• Records for the task:
··········

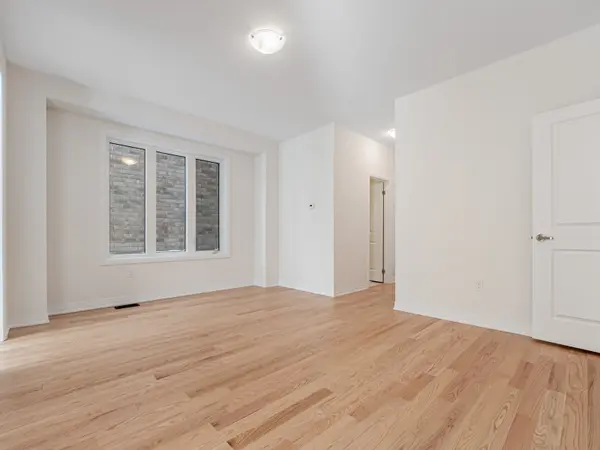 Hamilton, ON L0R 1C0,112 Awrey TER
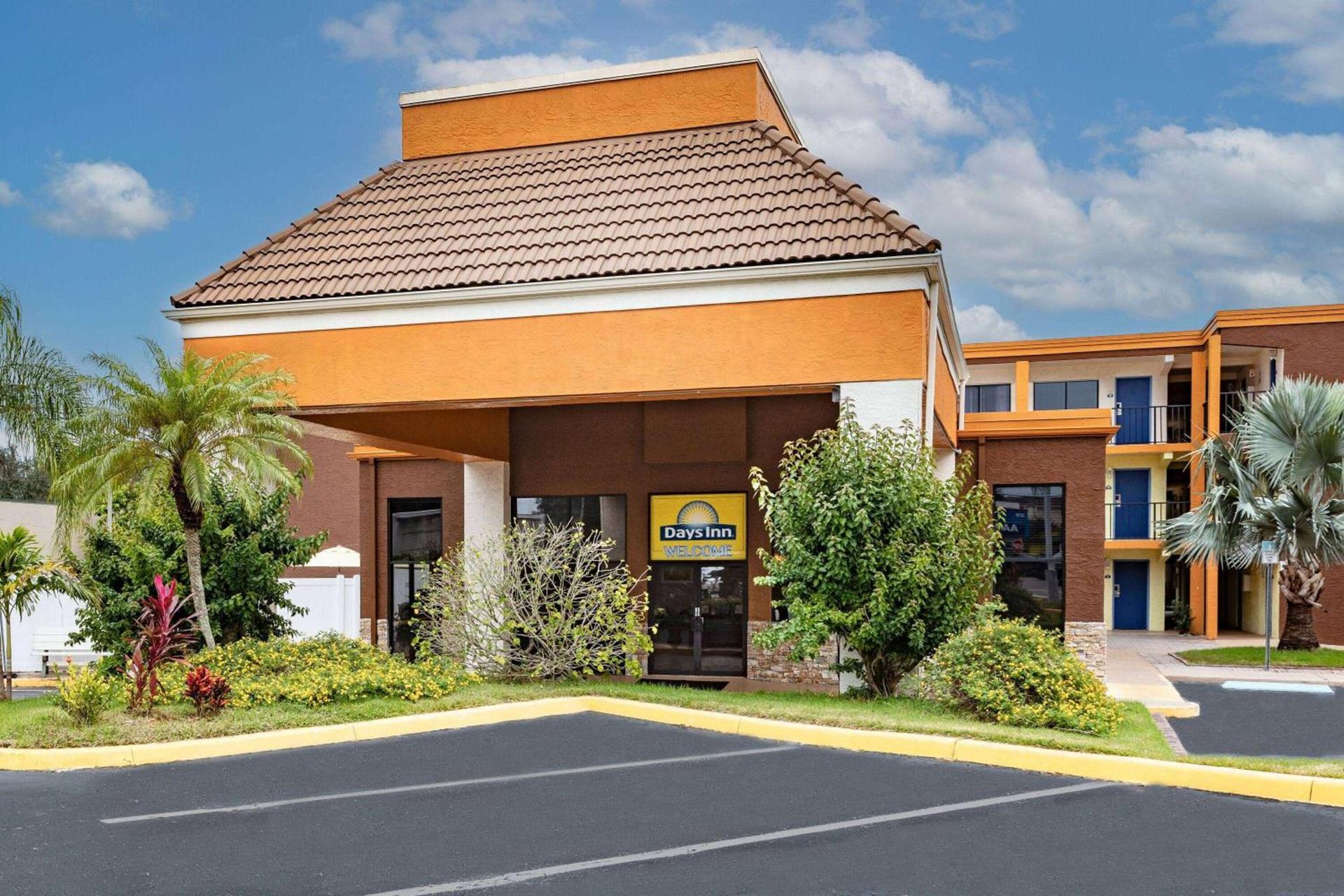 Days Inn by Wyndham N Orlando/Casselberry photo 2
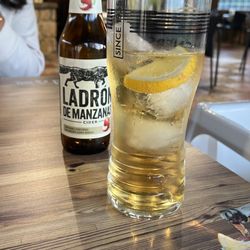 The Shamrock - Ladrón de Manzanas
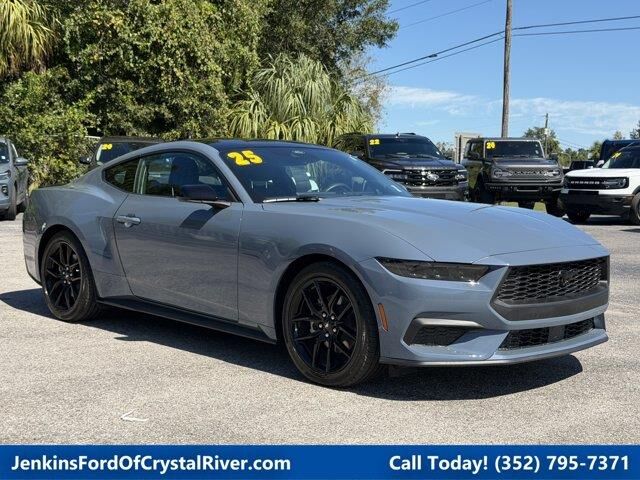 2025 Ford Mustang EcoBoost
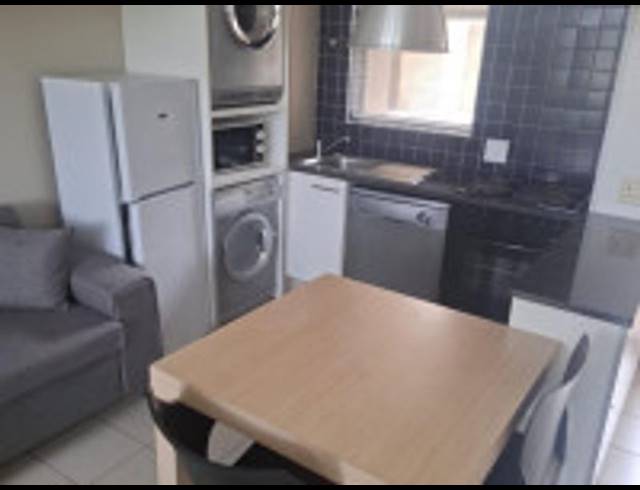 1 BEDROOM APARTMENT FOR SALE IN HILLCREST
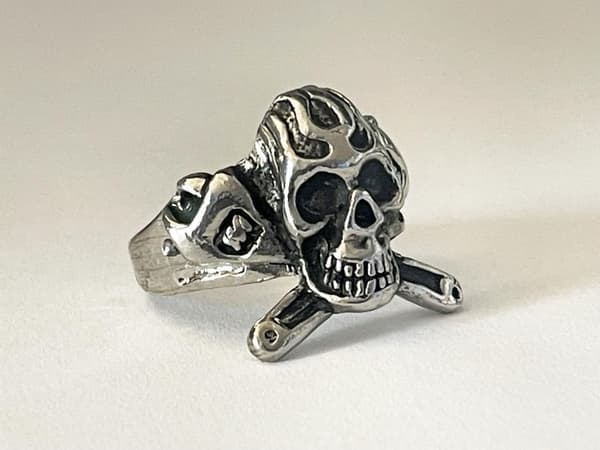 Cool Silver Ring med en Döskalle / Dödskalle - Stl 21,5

··········

• Action item: Begin at the line containing "The Shamrock - Ladrón de Manzanas" and stop at the last line of the data. Repeat only those lines, exactly, and leave out the pictures.

• Task output:
 The Shamrock - Ladrón de Manzanas
 2025 Ford Mustang EcoBoost
 1 BEDROOM APARTMENT FOR SALE IN HILLCREST
 Cool Silver Ring med en Döskalle / Dödskalle - Stl 21,5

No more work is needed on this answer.